Tim Armstrong’s payout after agreeing to sell AOL Inc. to Verizon Communications Inc. could be more than $200 million, cashing out six years of compensation after never selling a share.
The biggest component of the chief executive officer’s package is about $120 million worth of unexercised options, some of which were granted as early as 2009, according to data compiled by Bloomberg from the company’s filings.
Armstrong, also controls 1.68 million shares of the Internet company, according to a U.S. Securities and Exchange Commission filing. Based on the agreed deal price of $50 a share and accounting for $25 million that the CEO himself invested in AOL, Armstrong will receive, on a net basis, an additional $59 million from the merger.

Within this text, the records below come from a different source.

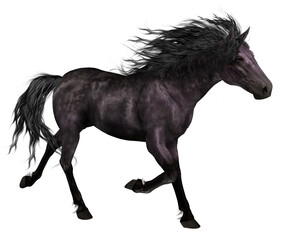 Obraz na płótnie Canvas Black Horse Trotting White Background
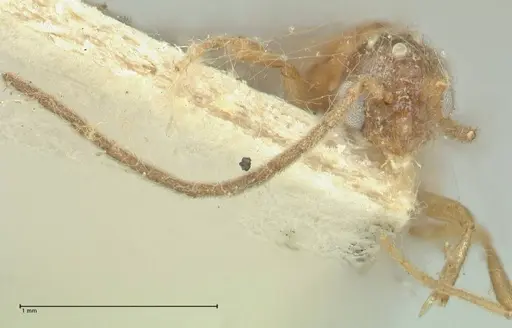 Carebara rugata specimen FOCOL1930 image focol1930_2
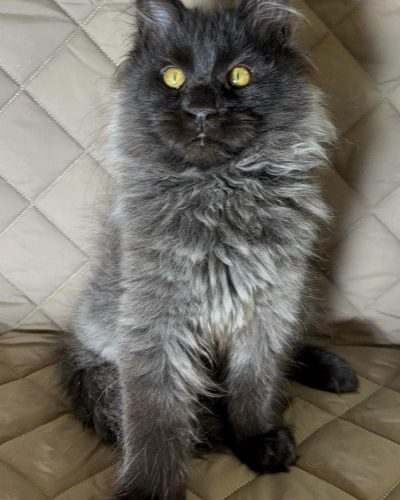 att.j0kiRnEyu75AREjdC5uOf_wbOlZTY_473Let9AwWMP0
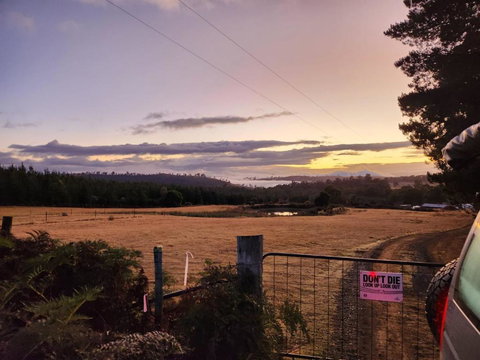 Pine Edge Heights By Tiny Away - Maitland Accommodation 2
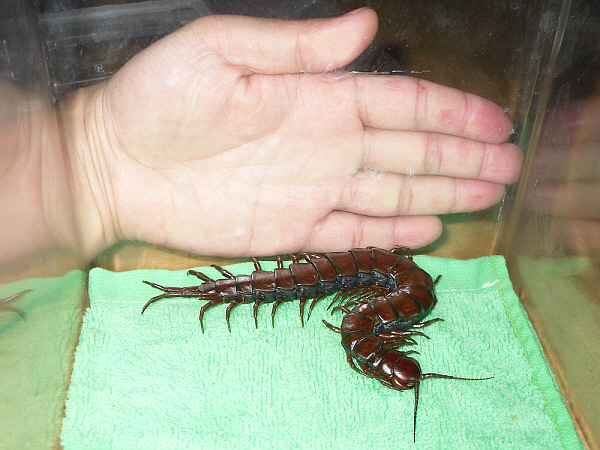 Scolopendra subspinipes subspinipes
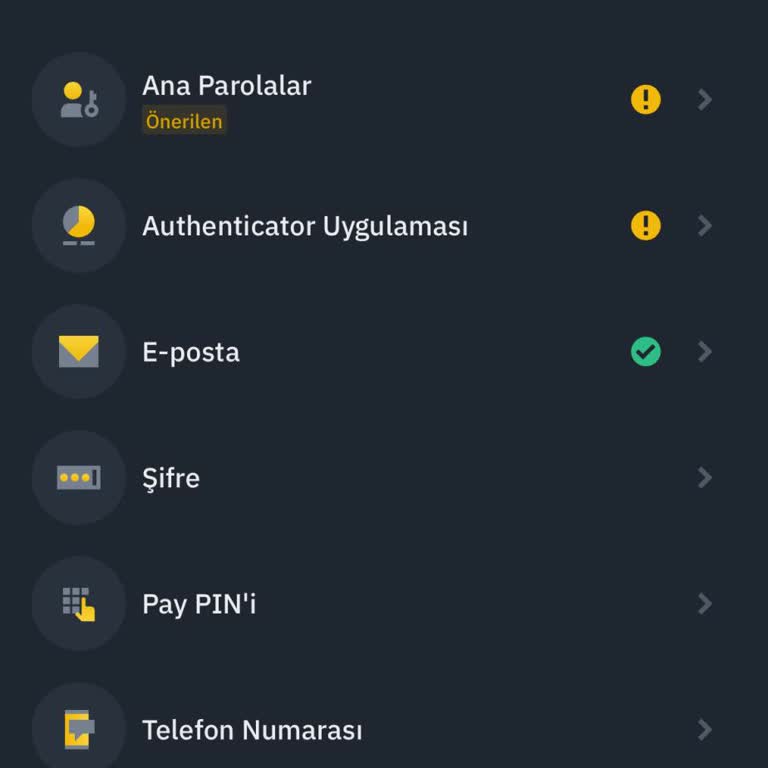 Binance Face ID İle Giriş Yaptım Ama E Postaya Ulaşamıyorum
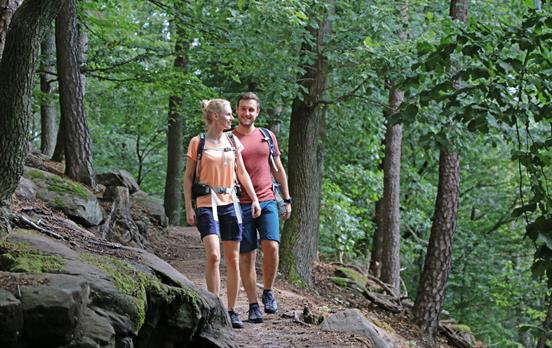 Wandern im Pfälzer Wald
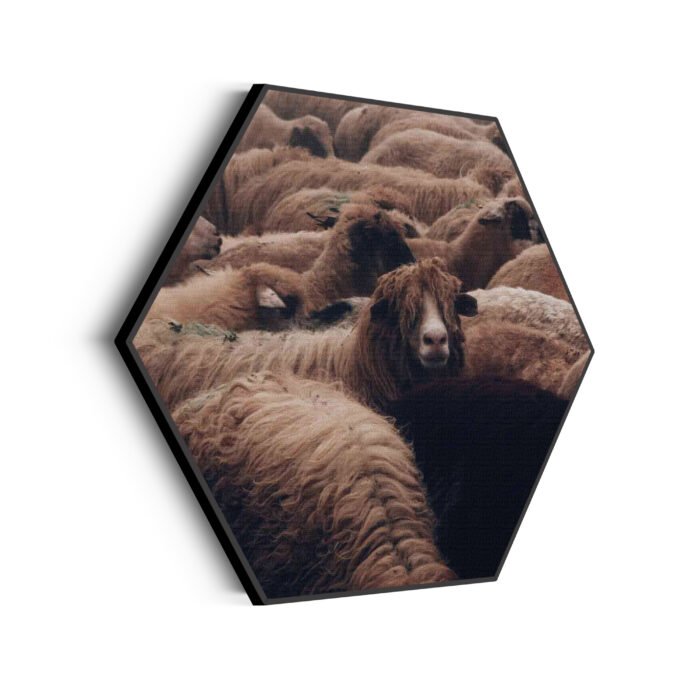 akoestisch-schilderij-kudde-schapen-hexagon_Wecho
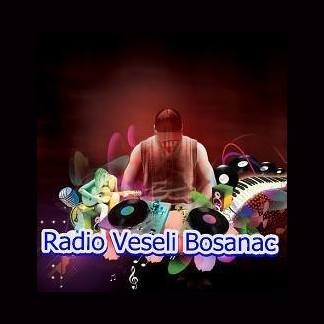 Radio Veseli Bosanac logo
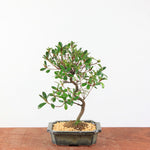 Bonsai Azalea Satsuki 'Beni-Beni'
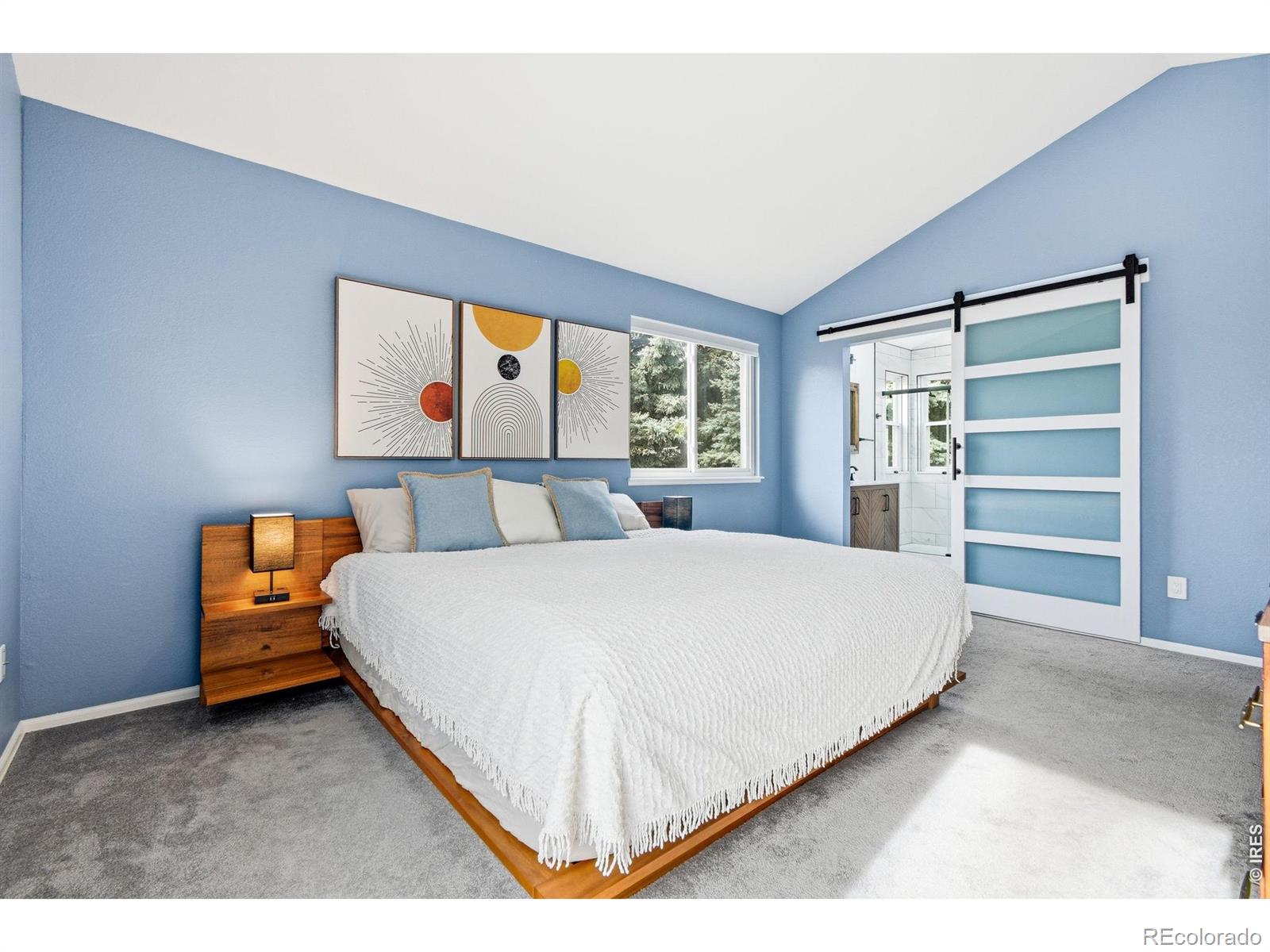 MLS Image #18 for 911  cleveland court,louisville, Colorado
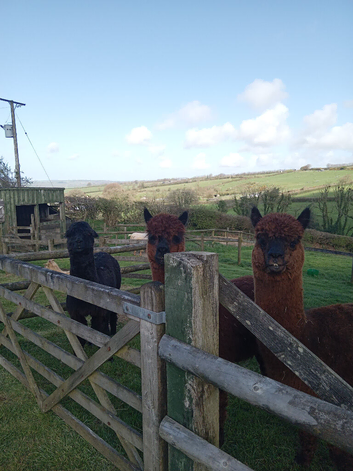 Three lovely Alpaca boys!!
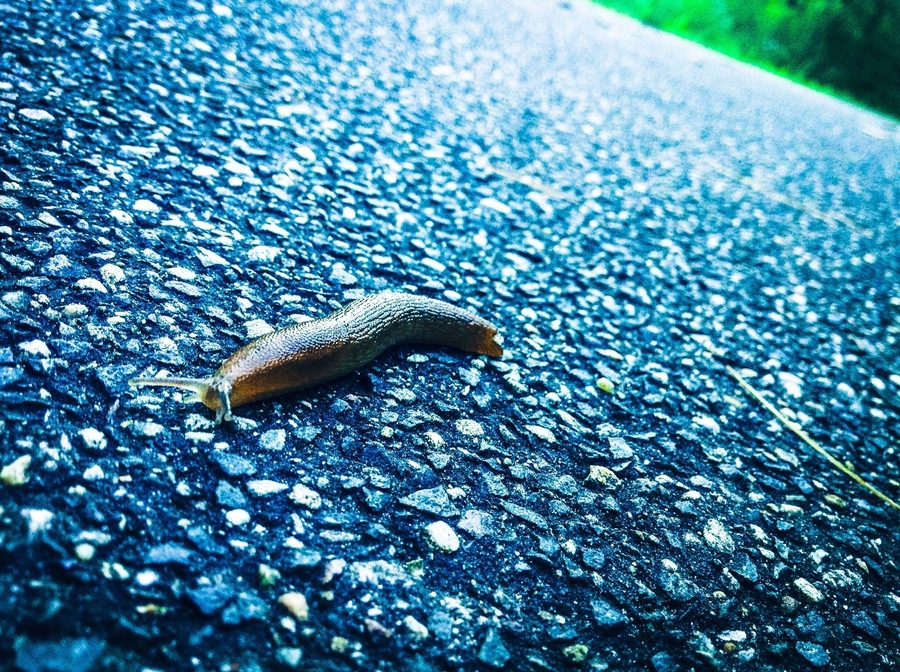 Made a little friend while walking the rail trail!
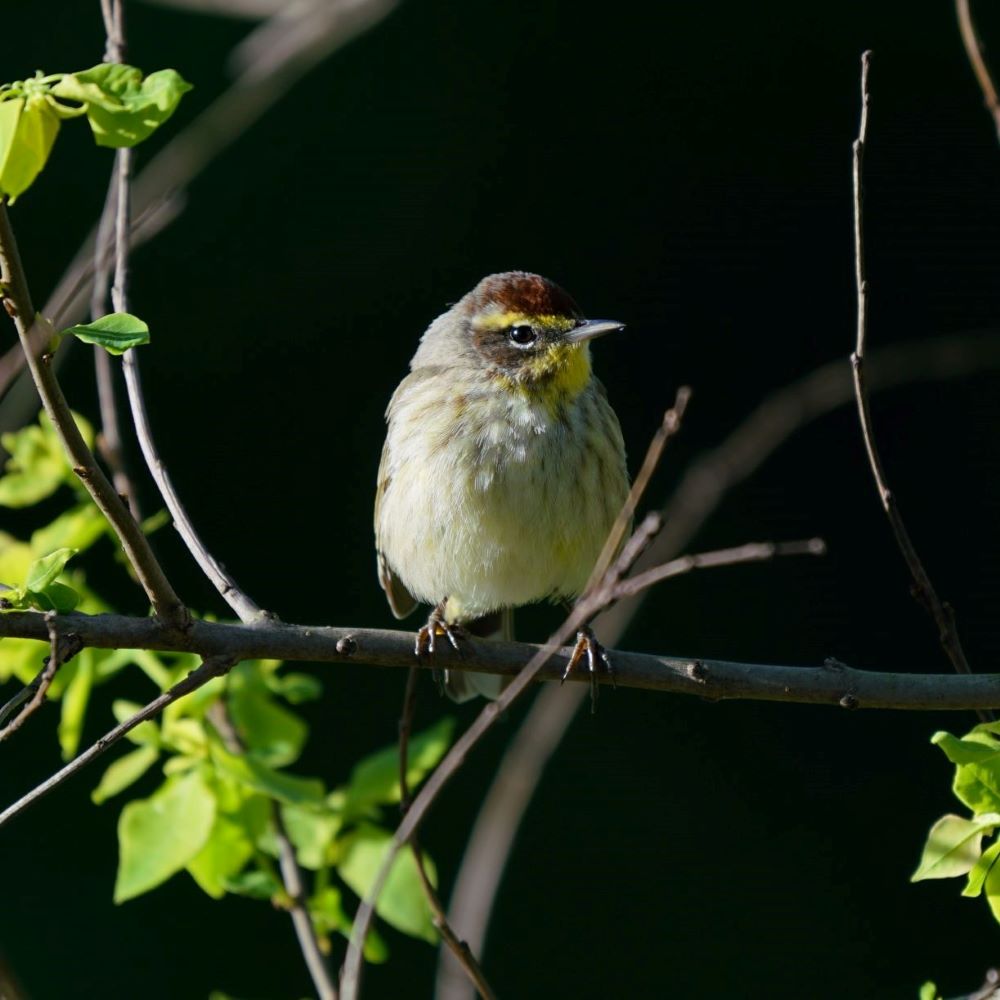 Palm Warbler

Including $33.9 million in salary, bonus, perks and equity that Armstrong received in compensation since 2009, Armstrong’s tenure at AOL will amount a grand total of almost $213 million.
Armstrong’s payout reflects, in part, his track record of building up AOL’s video services and the company’s online ads business, which have helped to more than double AOL’s share price over the past five years. Armstrong, who will continue to lead AOL’s operations after the deal is completed, also bought sites such as the Huffington Post and TechCrunch, and expanded AOL’s mobile content.
He’ll receive his stock-based awards within 12 months of the deal’s completion. He can also get them if he’s terminated without cause before then or leaves for good reason, according to AOL’s proxy. Good reasons for leaving include if Armstrong no longer reports to the board, his office is moved more than 50 miles, his responsibilities or titles are diminished or if his salary is cut, the proxy shows.
The company declined to comment beyond the filings.
Armstrong’s acquisition pay pales in comparison to that of David Pyott, the former chairman and CEO of Allergan Inc. He also held on to years of option awards until Actavis Plc acquired the Botox drugmaker in March for $66 billion. Pyott converted $534 million of equity into cash that month.